La generación Z y los millennials se enfrentan a un mayor riesgo de desarrollar enfermedades oculares en el futuro debido a su actual estilo de vida, marcado por el uso intensivo de pantallas, el sedentarismo y menos tiempo al aire libre, según advierte el Instituto Oftalmológico Fernández-Vega (IOFV). Los especialistas subrayan que una parte importante de estos problemas podría prevenirse si se adoptan hábitos saludables desde edades tempranas.
De acuerdo con datos publicados en la revista The Lancet y citados por el IOFV, hasta 895 millones de personas podrían padecer enfermedades oculares en 2050, lo que supondría un aumento del 150% respecto a la situación actual. Este incremento estaría estrechamente vinculado a los cambios en el estilo de vida de las últimas décadas.
El oftalmólogo Luis Fernández-Vega Cueto-Felgueroso advierte de que “los jóvenes de hoy están sometiendo a sus ojos a un esfuerzo continuado que no se veía hace apenas dos décadas”. A su juicio, el abuso de pantallas, el sedentarismo y una dieta pobre en nutrientes esenciales están contribuyendo a elevar el riesgo de miopía, ojo seco y otras patologías visuales.
No obstante, el especialista insiste en que “hay mucho que se puede hacer ahora para reducir el riesgo de desarrollar problemas de visión dentro de 20 o 30 años”, siempre que se adopten medidas preventivas.
Entre los principales riesgos asociados al uso prolongado de dispositivos digitales, el IOFV destaca la fatiga visual, la visión borrosa, el ojo seco y un aumento de hasta el 30% en el riesgo de miopía debido al esfuerzo acomodativo del ojo frente a pantallas.
Para mitigar estos efectos, los expertos recomiendan aplicar la regla 20-20-20, que consiste en descansar la vista 20 segundos cada 20 minutos mirando a una distancia de seis metros (20 pies). También aconsejan mantener la pantalla a un brazo de distancia, evitar usar el móvil en la cama con la luz apagada y ajustar el brillo y contraste para reducir la fatiga ocular.
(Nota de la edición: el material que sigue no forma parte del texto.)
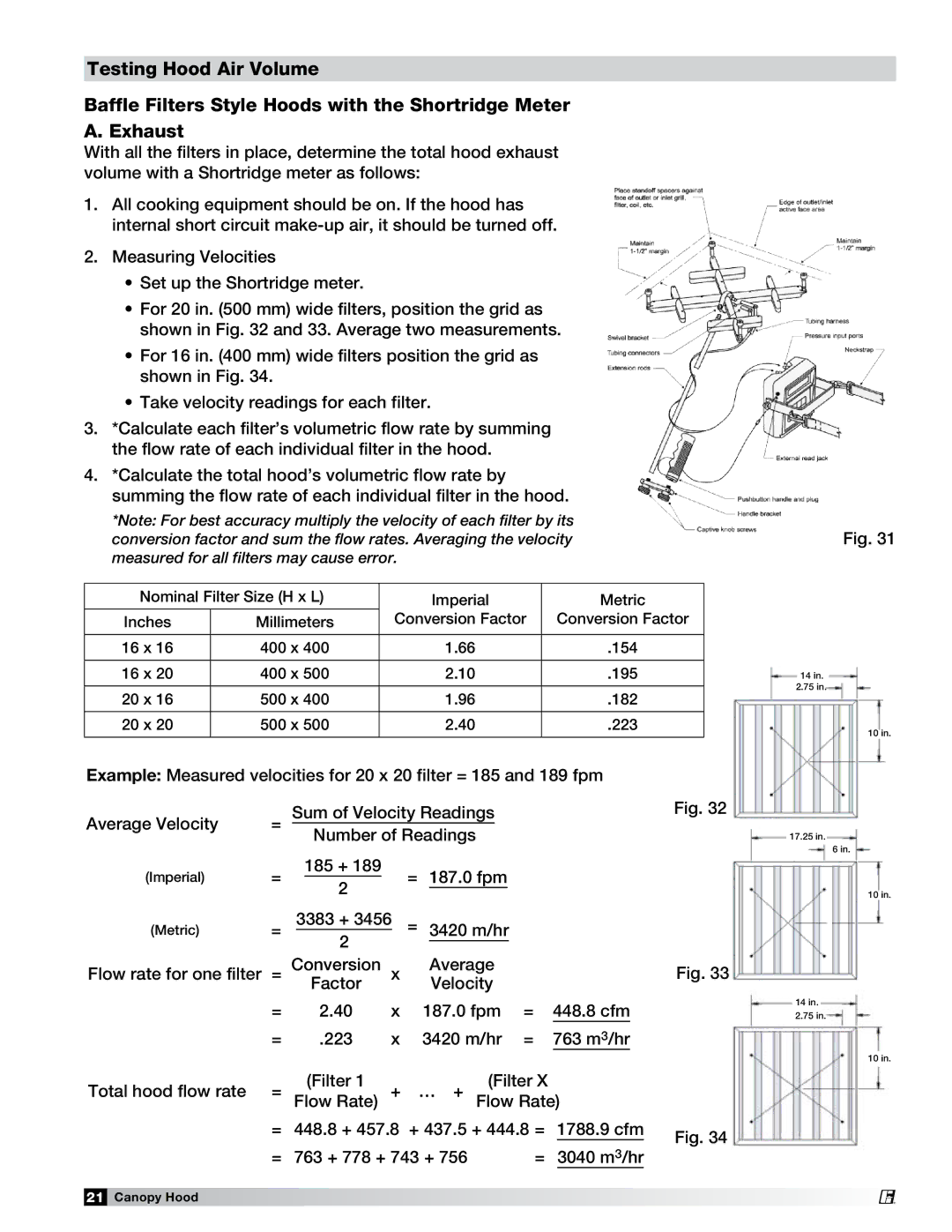 Greenheck Fan 452413 manual 185 + 187.0 fpm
El descanso adecuado es otro factor clave. Dormir pocas horas perjudica la salud visual, ya que los ojos necesitan tiempo para regenerarse. Del mismo modo, una dieta rica en frutas, verduras y pescado contribuye a proteger la retina, mientras que el exceso de ultraprocesados aumenta el riesgo de enfermedades vasculares y degenerativas.
El IOFV también alerta de que la falta de ejercicio, la obesidad, la hipertensión y la diabetes son factores que multiplican el riesgo de patologías oculares. A ello se suma el tabaco, que acelera el envejecimiento de los tejidos del ojo y eleva la probabilidad de cataratas y degeneración macular.
Los especialistas subrayan la importancia de que los jóvenes con antecedentes familiares de glaucoma, degeneración macular u otras enfermedades graves no esperen a tener síntomas para acudir al oftalmólogo, ya que muchas patologías avanzan de forma silenciosa.
Asimismo, recomiendan el uso de gafas protectoras en deportes de raqueta o actividades al aire libre, así como en trabajos de bricolaje o construcción. También advierten sobre el uso indebido de lentes de contacto y la falta de higiene palpebral, que pueden provocar infecciones o daños en la córnea.
Por último, el IOFV aconseja realizar una primera revisión oftalmológica completa en la edad adulta joven, incluso si no existen síntomas. Ante señales de alarma como visión borrosa repentina, destellos de luz, sombras en el campo visual o dolor intenso, se debe consultar con urgencia.